Why does everyone want to look like this? Oh, because only fair skin makes you pretty. That’s the definition of pretty. Adjective, fair and light skin. It doesn’t matter if you look pleasing to the eyes.
Walk down the beauty aisles in super-marts and you’ll be assaulted by a sea of whitening products all promising fairer, radiant skin. Even the area of the super-mart is brightly lit. I’m not joking when I say my eyes hurt from the bright lights. There’s no way anyone can miss me when I walk past those aisles. I stick out like a sore thumb, being brown and all, which only attracts scuttling store assistants toward me, armed with myriad of whitening products. How very devious.
Women are bending over backwards to look fair! If there wasn’t a demand, there wouldn’t be “look 3x fairer and radiant” advertisements everywhere. 3x? What? Are you competing with a corpse? Nothing radiant about looking 3x fairer. Radiance is a reflection of your personality.

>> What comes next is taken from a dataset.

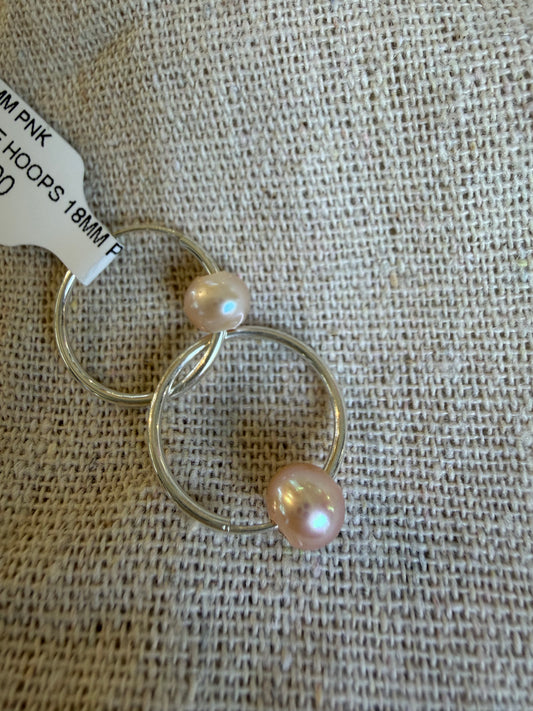 Sterling Silver JN BTE Hoops - Small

It isn’t enough that we’re living in a misogynistic world, only recently gaining independence, respect and treated more or less fairly. But media’s idea of beauty; twisted and artificial, skinny and fair, blue eyes and big boobs are everywhere. That’s hardly fair itself. Because men aren’t really subjected to resemble Ken dolls. Where is the paradigm shift in what defines beauty? Where are the women with gumption? The ones who say “Don’t like the way I look? That’s too bad for you” I can’t be the only Indian girl out there hoping for more middle fingers to make a point, right? Dark isn’t radiant? Dark makes you ugly? I love my brown chocolate-mocha hue and I am not in the market to look any different. I already fight the weighing scale on a daily basis. There’s really no need for additional stress, or I’ll be walking down the aisle that says “Anti-wrinkle Facial Creams for youthful skin” sooner than later.